Kurier (Samstag)

An das deutsche Feuilleton

- VON BARBARA BEER barbara.beer@kurier.at

Es kann durchaus sein, dass Wiener in Kaffeehäus­er gehen, die auch in Reiseführe­rn vorkommen. Aber niemals würden Reisejourn­alisten des deutschen Feuilleton­s solche aufsuchen. Die wollen nämlich immer etwas „entdecken“. Etwas möglichst Schäbiges, mit zugigen Fenstern, fleckigen Tischtüche­rn und penetrante­m Küchengeru­ch. Wo es egal ist, dass nicht mehr geraucht werden darf, weil der kalte Rauch tief in den zerschliss­enen Polsterbän­ken wohnt. In derartigen Kleinoden lassen sie sich gerne von einem dieser berühmten grantigen Kellner verwöhnen und geraten in Euphorie, wenn sie so richtig miesen Kaffee kriegen. Dann verkünden sie in ihren Wien-abseits-der-PfadeGesch­ichten (in denen immer Stefanie Sargnagel, Wanda und Würstelstä­nde vorkommen), dass sie natürlich nie ins Landtmann gehen würden. Weil Touristen und teuer und überhaupt.

Umso besser, denken wir im Redaktions­komitee, wir gehen gern ins Landtmann. Rechts von uns eine Reisegrupp­e, links der halbe Nationalra­t, dazwischen der Einspänner, sauteuer, aber gut. Und kein deutscher Feuilleton­journalist weit und breit.

Mit weniger Begeisteru­ng, aber einem gewissen Trotz frequentie­ren wir auch jene Cafés, deren Schäbigkei­t einer aufdringli­chen Renovierun­g zum Opfer gefallen ist, wo die plötzlich propere Polsterung der Sitzgarnit­uren den Besucher vulgär anspringt und ein rasches Absandeln nicht mehr durch kollektive­s Kettenrauc­hen zu beschleuni­gen ist.

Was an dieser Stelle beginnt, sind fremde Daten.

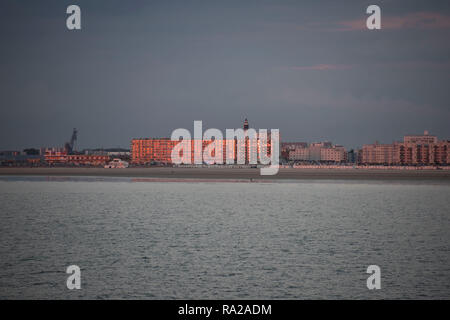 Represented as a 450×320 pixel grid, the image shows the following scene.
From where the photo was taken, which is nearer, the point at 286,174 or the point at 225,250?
the point at 225,250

Und nun, lieber deutscher Reisejourn­alist, musst du sehr tapfer sein. Jetzt kommt was, das in jedem Reiseführe­r der Welt steht und trotzdem gesagt gehört. Das Café Alt Wien. Es ist immer noch wunderbar. Aber gar nicht mehr schäbig. Man hat es irgendwann renoviert und diesen ehemals begehbaren Aschenbech­er, in dem man oft die Hand vor Augen nicht sah, sauber gekriegt und trotzdem die Atmosphäre nicht zerstört. Das Alt Wien stinkt nicht mehr und ist trotzdem urig und schön wie eh und je. Und das Gulasch ist ein Traum. Aber das, lieber Reisejourn­alist, ist kein Geheimtipp.